Start of GIVEN DATA

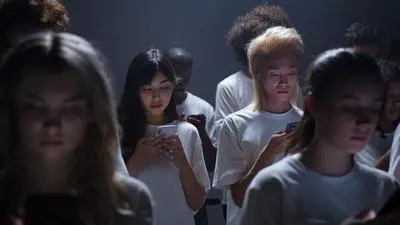 Apple: The Trillion Dollar Betrayal_backdropimg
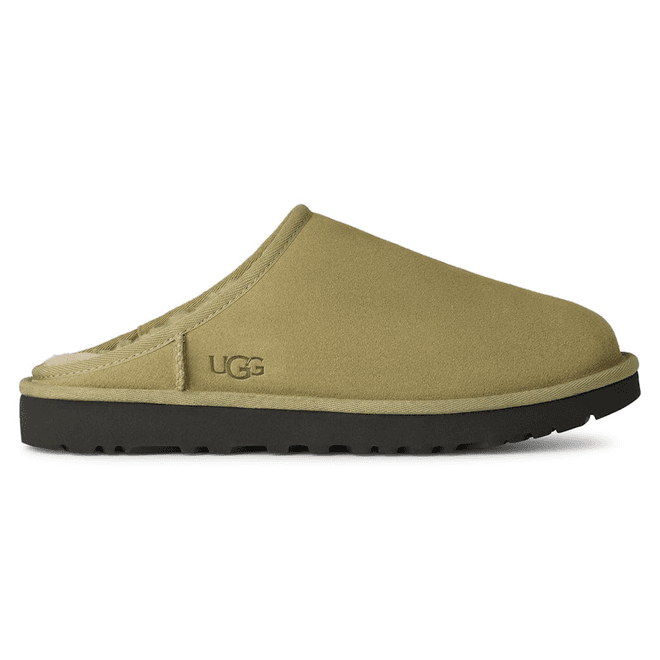 UGG® Classic Slip On Men Muted Brass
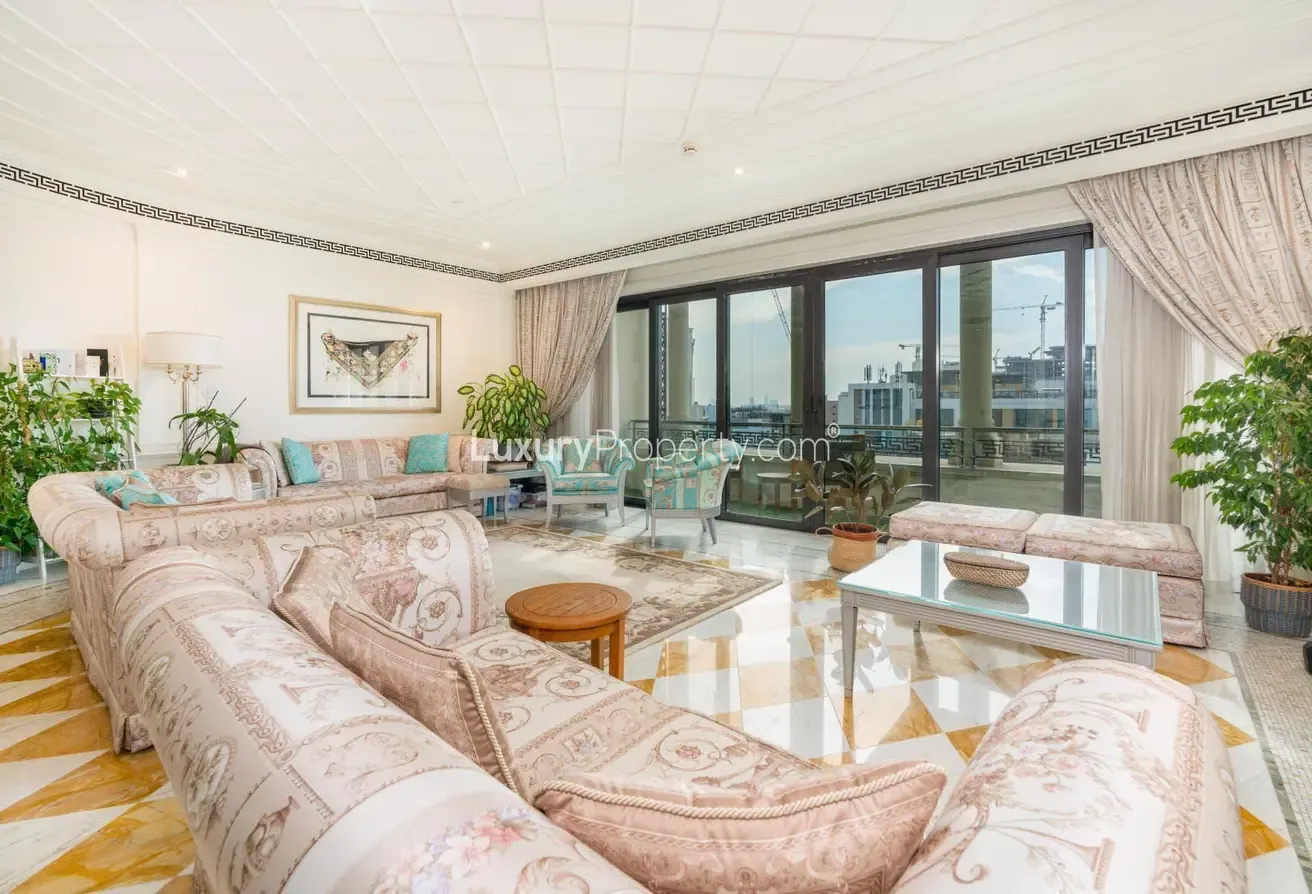Top Floor | Creek View | Versace Furnished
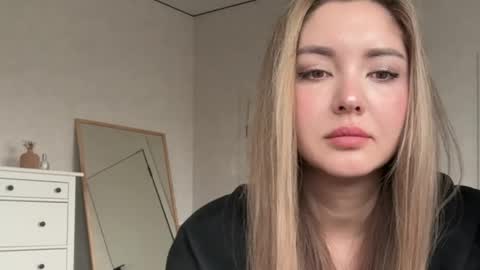 Snapshot of only_this chatting on April 2026 08:15:02 AM only_this online show from April 2026 08:15:02 AM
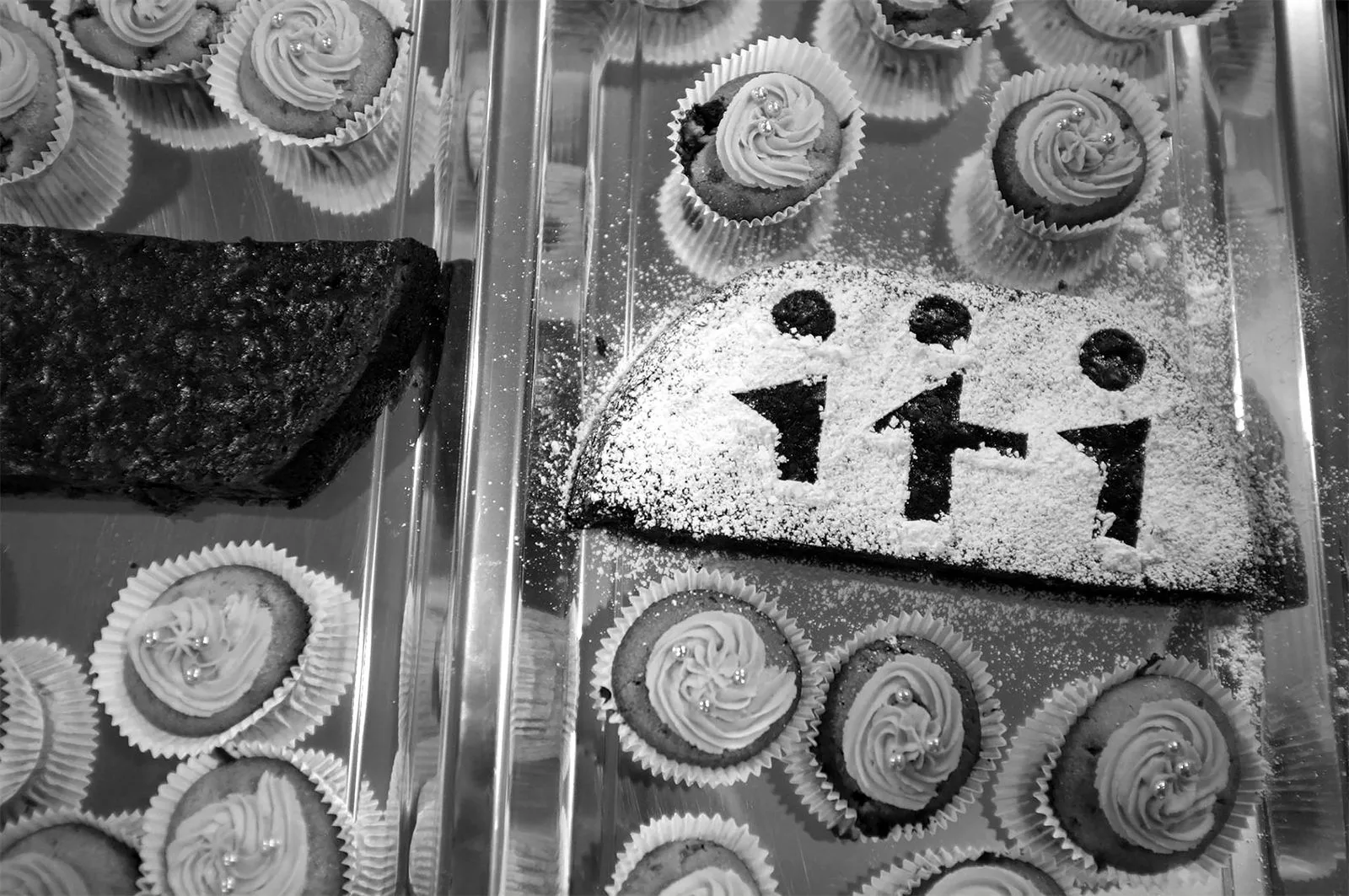 Foto aus dem cognitio-Kochbuch: Kuchen mit Logo und Muffins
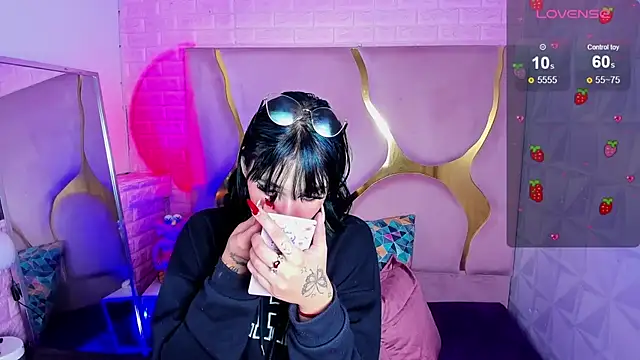 Niina Sissy online show from 12, 2, 2026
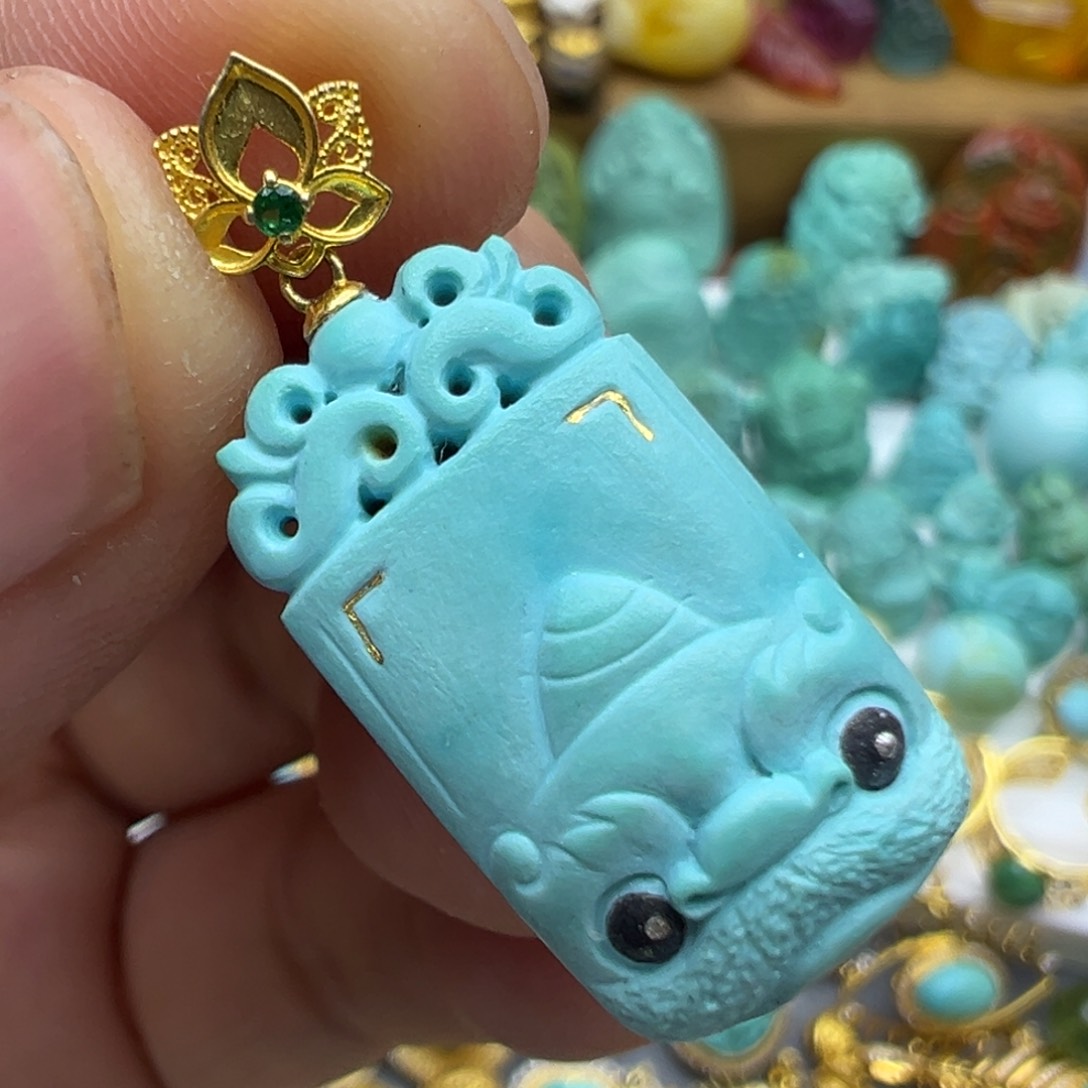 绿松石颈饰18K金镶嵌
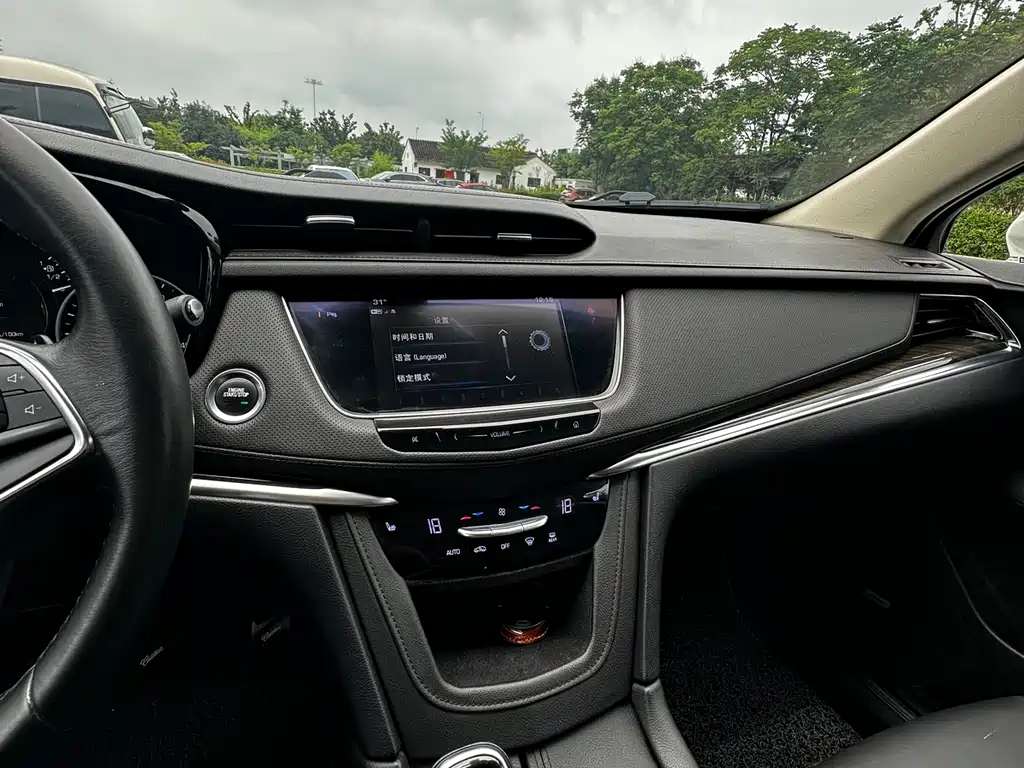Cadillac XT5 2017 — фото 13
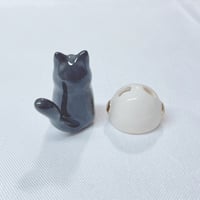 Image 5 of Black cat with astronaut helmet ceramic figurine (slightly discount)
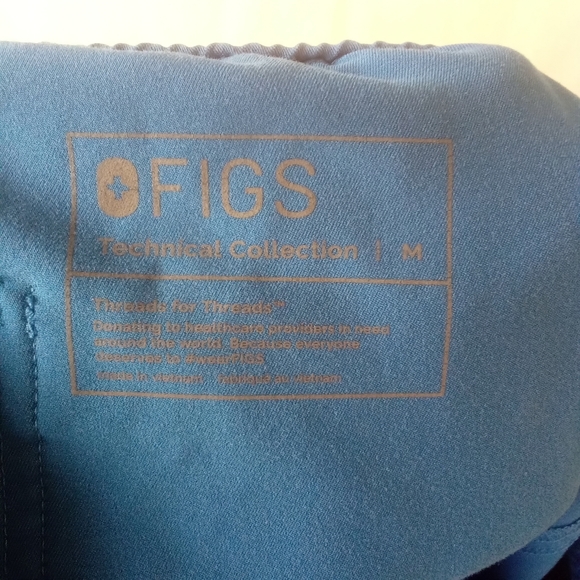 FIGS Technical Collection Men's Cairo Cargo Scrub Pants Size Medium Royal Blue - Picture 11 of 12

End of GIVEN DATA

PROBLEM —
Please, leaving out all pictures, transcribe exactly the lines above from the one containing "Top Floor | Creek View | Versace Furnished" through the final line, both included.

EXERCISE RESULT —
Top Floor | Creek View | Versace Furnished
 Snapshot of only_this chatting on April 2026 08:15:02 AM only_this online show from April 2026 08:15:02 AM
 Foto aus dem cognitio-Kochbuch: Kuchen mit Logo und Muffins
 Niina Sissy online show from 12, 2, 2026
 绿松石颈饰18K金镶嵌
Cadillac XT5 2017 — фото 13
 Image 5 of Black cat with astronaut helmet ceramic figurine (slightly discount)
 FIGS Technical Collection Men's Cairo Cargo Scrub Pants Size Medium Royal Blue - Picture 11 of 12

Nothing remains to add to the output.